Introducing a new variable $\nu = \xi - \xi^{-1}$, one has
$$\nu^2 = (\xi + \xi^{-1})^2 - 4 = (A(E) + D(E))^2 - 4.$$
This defines a two-sheeted cover of the energy line, called the spectral curve. For a general analytic potential, this cover is analytic rather than algebraic. In special situations, however, it becomes an algebraic curve. For example, for the Lamé equation $y(x) - g(g+1)\wp(x)y(x) = Ey(x)$ with integer degree $g$, the corresponding curve is hyperelliptic and can be written
$$\nu^2 = R_{2g+1}(E)$$
where $R_{2g+1}$ is the Lamé spectral polynomial.

== Stability ==
This mapping $\phi \,(t) = Q(t)e^{tR}$ gives rise to a time-dependent change of coordinates ($y = Q^{-1}(t) x$), under which our original system becomes a linear system with real constant coefficients $\dot{y} = R y$. Since $Q(t)$ is continuous and periodic it must be bounded. Thus the stability of the solutions $y(t)$ and $x(t)$ are determined by the eigenvalues of $R$.

The eigenvalues of $e^{TB}$ are called the characteristic multipliers of the system. While the matrix $B$ is not unique, the eigenvalues of $e^{TB}$ are the same for choices of $B$. They are also the eigenvalues of the (linear) Poincaré maps $x(t) \to x(t+T)$. A Floquet exponent (sometimes called a characteristic exponent), is a complex $\mu$ such that $e^{\mu T}$ is a characteristic multiplier of the system.

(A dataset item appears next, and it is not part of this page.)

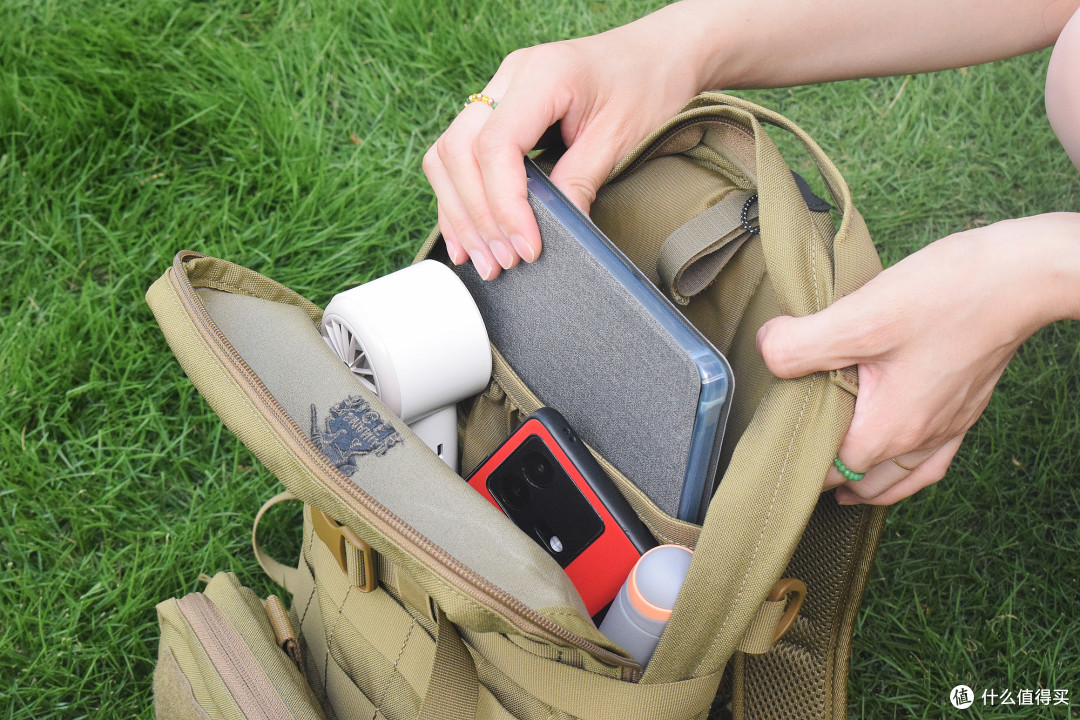 简洁轻便又好用的通勤包!塔虎 TT基础双肩包升级版体验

Notice that Floquet exponents are not unique, since $e^{\left(\mu + \frac{2 \pi i k}{T}\right)T}=e^{\mu T}$, where $k$ is an integer. The real parts of the Floquet exponents are Lyapunov exponents. The zero solution is asymptotically stable if all Floquet exponents have negative real part. It is Lyapunov stable if all Floquet exponents have nonpositive real part and, in addition, the Floquet multipliers of modulus 1 are semisimple (equivalently, their algebraic and geometric multiplicities agree); otherwise it is unstable.

== Applications ==
- Floquet theory is used in the study of dynamical systems, such as the Mathieu equation (named after Émile Léonard Mathieu).
- Floquet theory can also be applied to discrete dynamical systems and difference equations.
- Floquet theory shows stability in Hill differential equations (introduced by George William Hill). Such equations arise, for example, in approximating the motion of the moon as a harmonic oscillator in a periodic gravitational field.
- Bond softening and bond hardening in intense laser fields can be described in terms of solutions obtained from the Floquet theorem.
- Dynamics of strongly driven quantum systems are often examined using Floquet theory. In superconducting circuits, Floquet framework has been leveraged to shed light on the quantum electrodynamics of drive-induced multiqubit interactions and drive induced state transitions.
- Floquet theory is also used in driven quantum condensed matter systems which are topologically non-trivial. The topology of the driven system is analyzed by studying the Floquet Hamiltonian.